(MATERIAL PROVIDED)
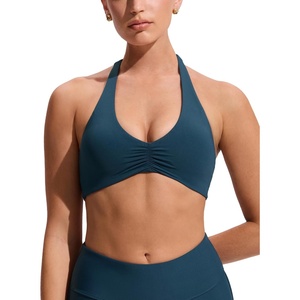 CRZ YOGA Womens Ruched Front Halter Bikini Tops – Swim Bathing Suit Scoop Neck Backless Swimsuit Padded(Insignia Blue)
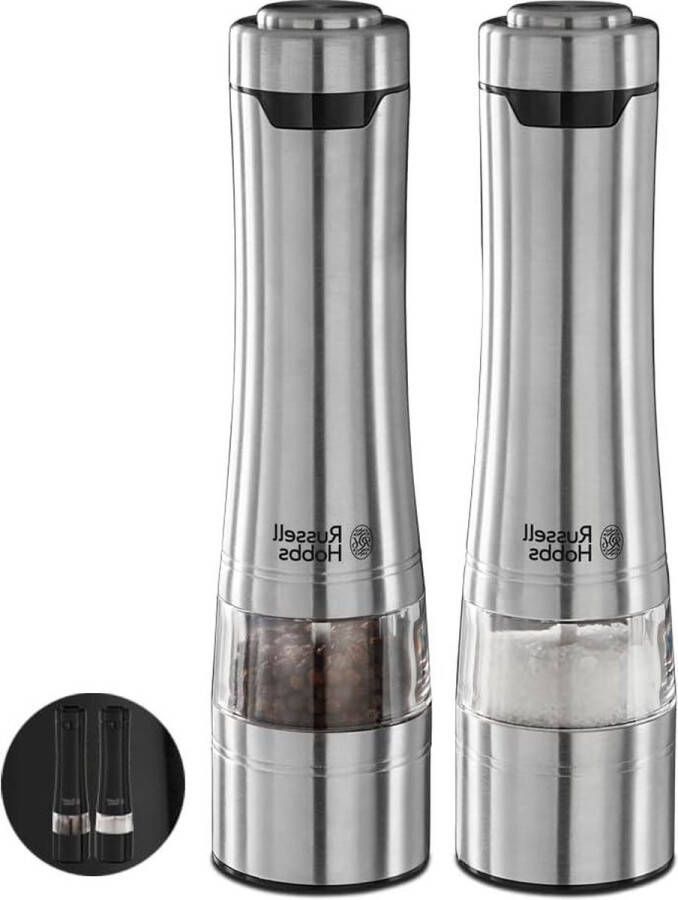 Classics Peper- en Zoutmolen Set Electrische Keramische Maalmolens Zoutmolen Pepermolen Verlichte Voet RVS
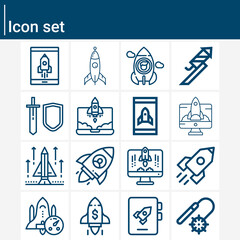 Simple set of missiles related lineal icons.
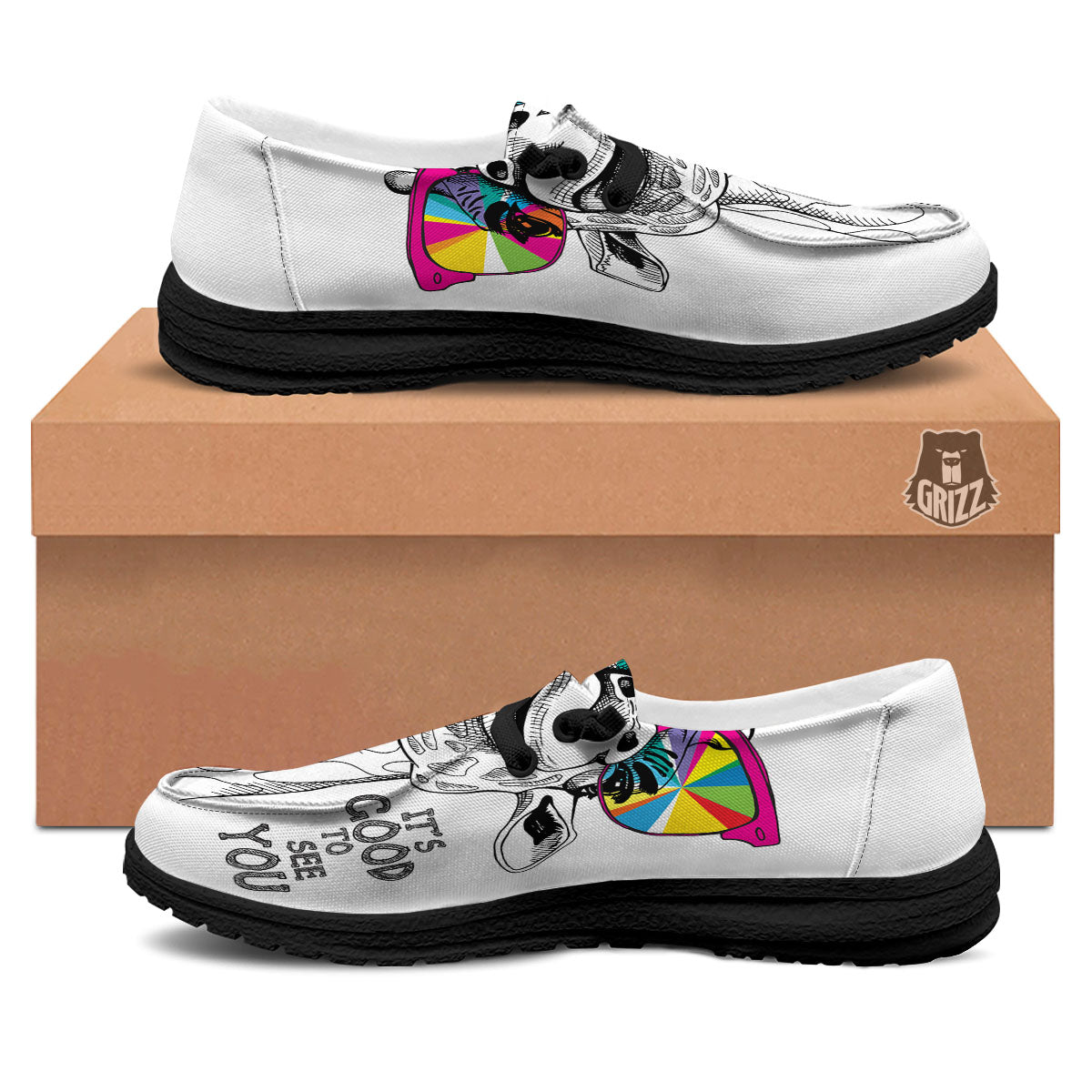 Giraffe Funny Print Black Loafers-grizzshop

(PROBLEM TO SOLVE) Please print the data above once more, exactly and without images.

(YOUR SOLUTION)
 CRZ YOGA Womens Ruched Front Halter Bikini Tops – Swim Bathing Suit Scoop Neck Backless Swimsuit Padded(Insignia Blue)
 Classics Peper- en Zoutmolen Set Electrische Keramische Maalmolens Zoutmolen Pepermolen Verlichte Voet RVS
 Simple set of missiles related lineal icons.
 Giraffe Funny Print Black Loafers-grizzshop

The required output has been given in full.